Number of samples: 31. Each value associated with a pixel is divided by the
number of samples. Each value of 0 leads to full transparency, otherwise the
minimum visibility of the waveform would be made to nonsense.
  • There are these concepts:
  • Value associated with a pixel: This value is a sample count that is later divided by the number of samples of the pixel column to get the intensity factor of a pixel.
  • Maximum value: When the intensity value for a pixel is calculated, experience shows that this results in the darkest value being gray. This is because of the alternating character of audio waves. The value--which has a maximum possible value of 1.0--has to be stretched according to a maximum value. Example: With a maximum value of 0.5 a value of 0.4 becomes 0.8. The attached images apply a maximum value of 0.5. See also the image "Electric guitar, 1000 samples per pixel column, without applying maximum value".
  • Minimum visibility/opacity/intensity: If you would have a minimum visibility of 0 %, the waveform would ease out into the background without giving information about the peak. So there has to be a minimum opacity over the background to be able to see peaks. The attached images apply a minimum intensity of 0.15, if not stated otherwise.
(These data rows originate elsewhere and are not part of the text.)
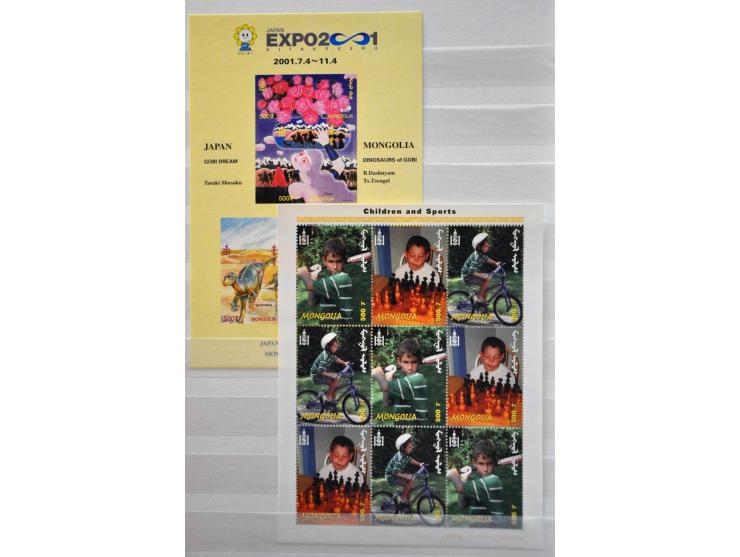 Bild für Auctions 237-238 - 3169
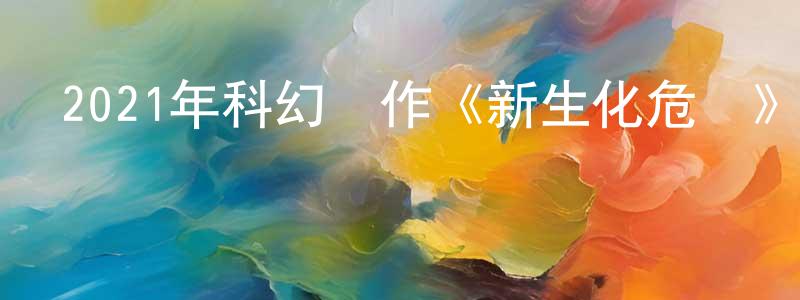 蔡冰心的動漫綜藝大全,2021年科幻動作《新生化危機》BD中英雙字迅雷下載_深夜電影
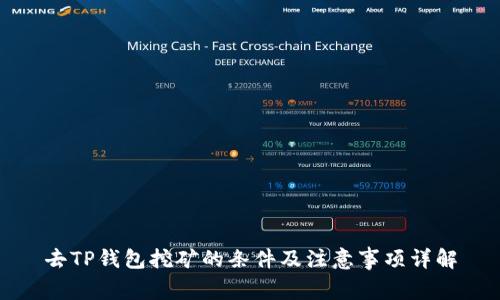去TP钱包挖矿的条件及注意事项详解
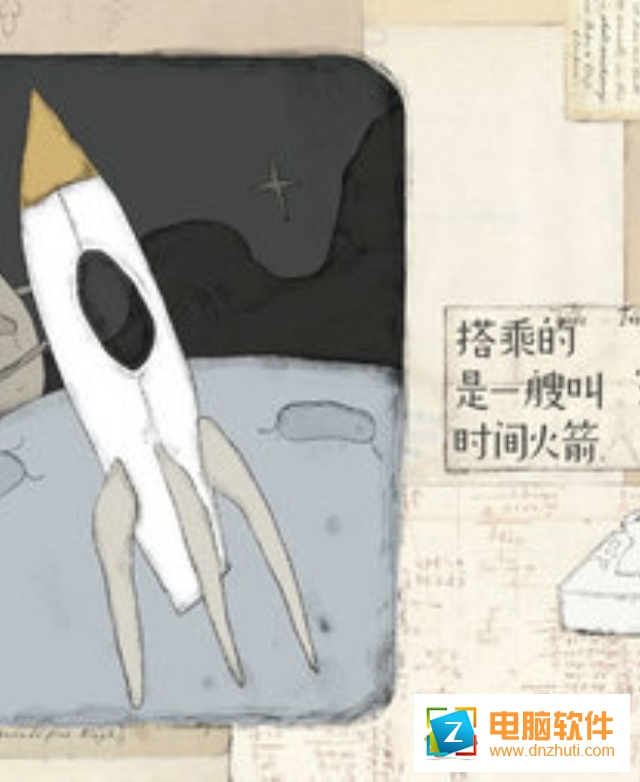 遠(yuǎn)方的故事安卓版
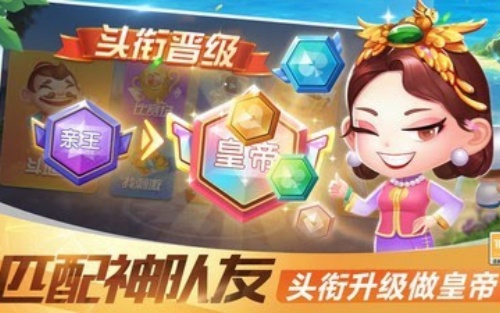 佛系棋牌 v7.9.0 安卓版 2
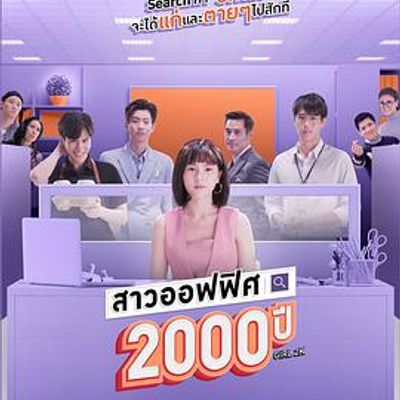 我的女友2000岁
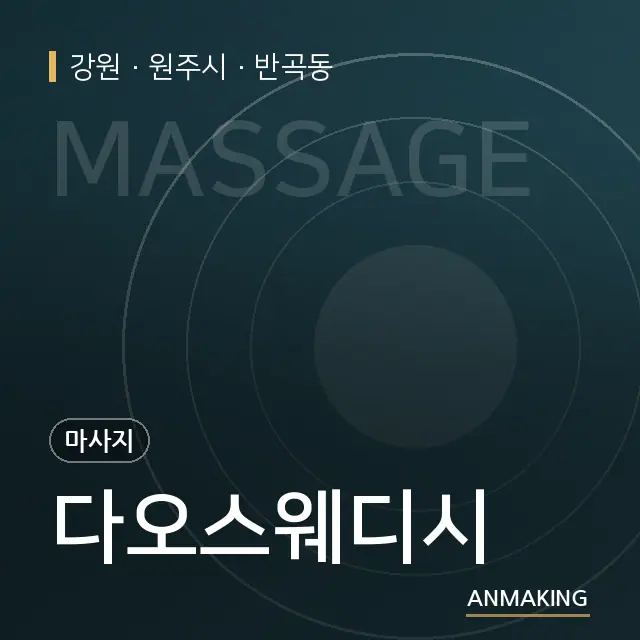 강원 원주시 다오스웨디시 안내 이미지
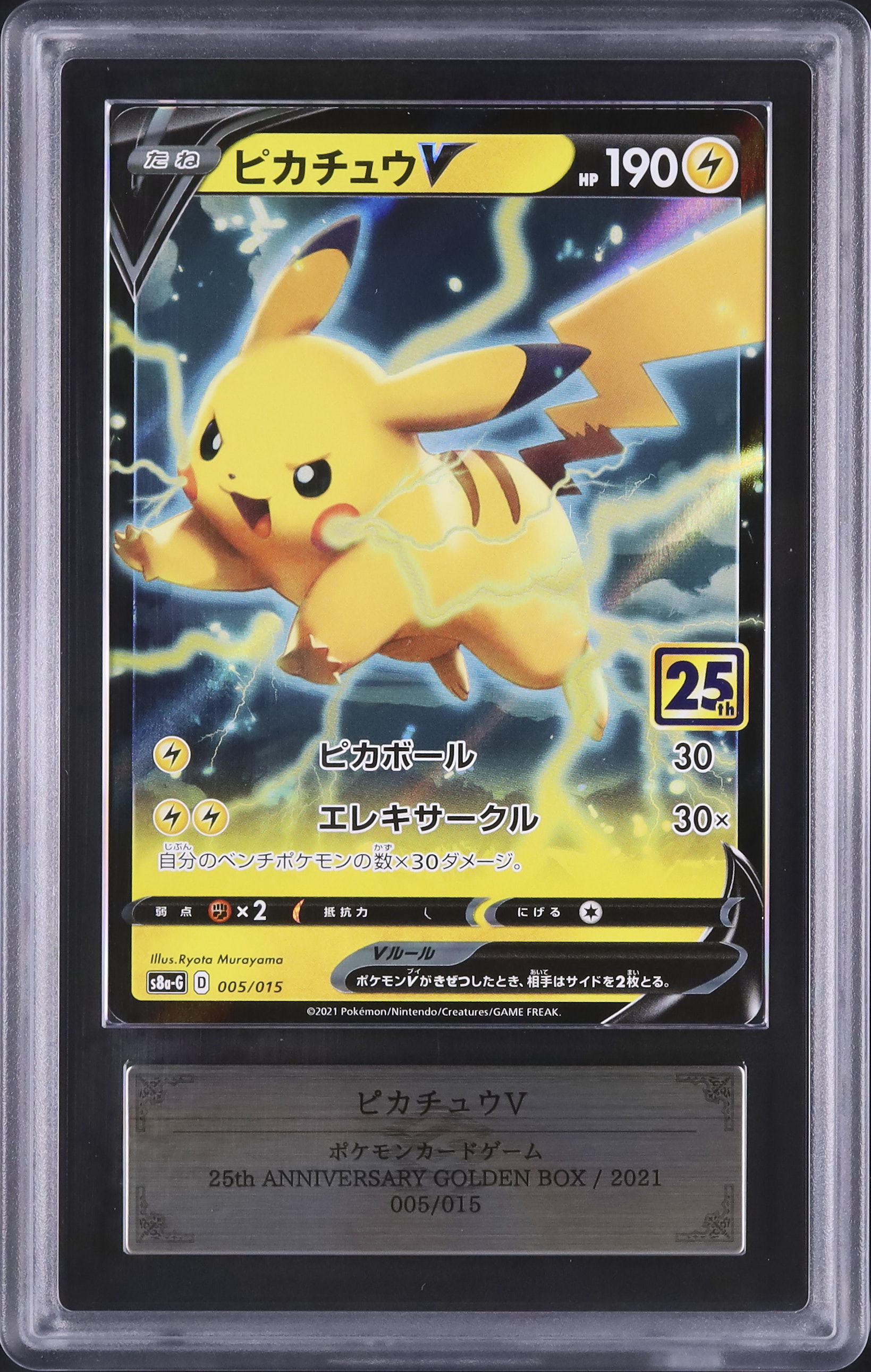2021 Pikachu V ARS 10 - Cardova Japan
See also the images "Electric guitar, 1000 samples per pixel column, minimum visibility of 0.0" and similar.
How to describe a user not reading a technical specification what the waveform view shows? I only can try: Imagine a sine wave. The positive and negative parts be termed "filled". The darker a pixel the more the wave is filled on that spot and above. Why also above? This is because a lower part of a wave can be viewed as the base of a higher part (thus the darker representation on lower parts) and experience shows that there is no useful waveform resulting if you consider the spot alone (see attached image "Electric guitar, 1000 samples per pixel column, pixels without higher peaks").

Conclusions:
  • Most peak pixels are light gray. If someone has a mathematical/algorithmical alternative, let me know. For most waveforms shown there isn't anything dissatisfying to me regarding this matter. Personally I can easily think of it as related to the data since high peaks are not present the most in most files.
    • See this image to prove that the data is correctly represented: "1000 Hz sine wave with 1000 Hz square wave, 500 samples per pixel column".
    • See this image to prove that higher peaks should be counted to lower peaks (the image doesn't do this): "Electric guitar, 1000 samples per pixel column, pixels without higher peaks".
  • You might see the DC offset of a subrange better. See image "Female voice singing, 200 samples per pixel column".
  • Dark pixels might reach a peak pixel. See this image for an explanation of this: "Subwaves on high peaks of low waves". The flute waveform shows the difference. Dark parts are high and shrill. Parts with a little amount of dark are low.
  • Please view waveforms in Audacity to see the same effect if you ask yourself about the alternating character of waveforms like: "Male speech, 200 samples per pixel column".
  • As to my experience the current logarithmical waveform view removes too much shape information to still provide proper orientation hints. Otherwise I would use it more often. I tried to show a logarithmical scaling of the samples, but it doesn't look like Audacity's shape. I'm unsure whether I'm doing it correctly since I'm just handling insentity values in the range from 0.0 to 1.0. This is the formula (C#):
    • sample = Math.Log(1 + Math.Abs(sample) * (logarithmBase/*10*/ - 1), logarithmBase) * Math.Sign(sample);
  • When having a nearly unrecognizable waveform of a song amplified to the maximum you might be better able to see the beats. See the image: "Trance music with strong rhythm, 500 samples per pixel column".
  • You are better able to identify areas of a song with alternating loud and silent parts. See image: "Orchestral music with strings, 5000 samples per pixel column".
The attached images (see ZIP file) were created with a demo converter program I wrote to be able to see the effects of the waveform-drawing algorithm. You should view the images pixelated when you zoom. All underlying sound files have a sample rate of 44100 Hz. All generated waveform images are 500 px wide, so an image with 500 samples per pixel column has a duration of 5.7 seconds.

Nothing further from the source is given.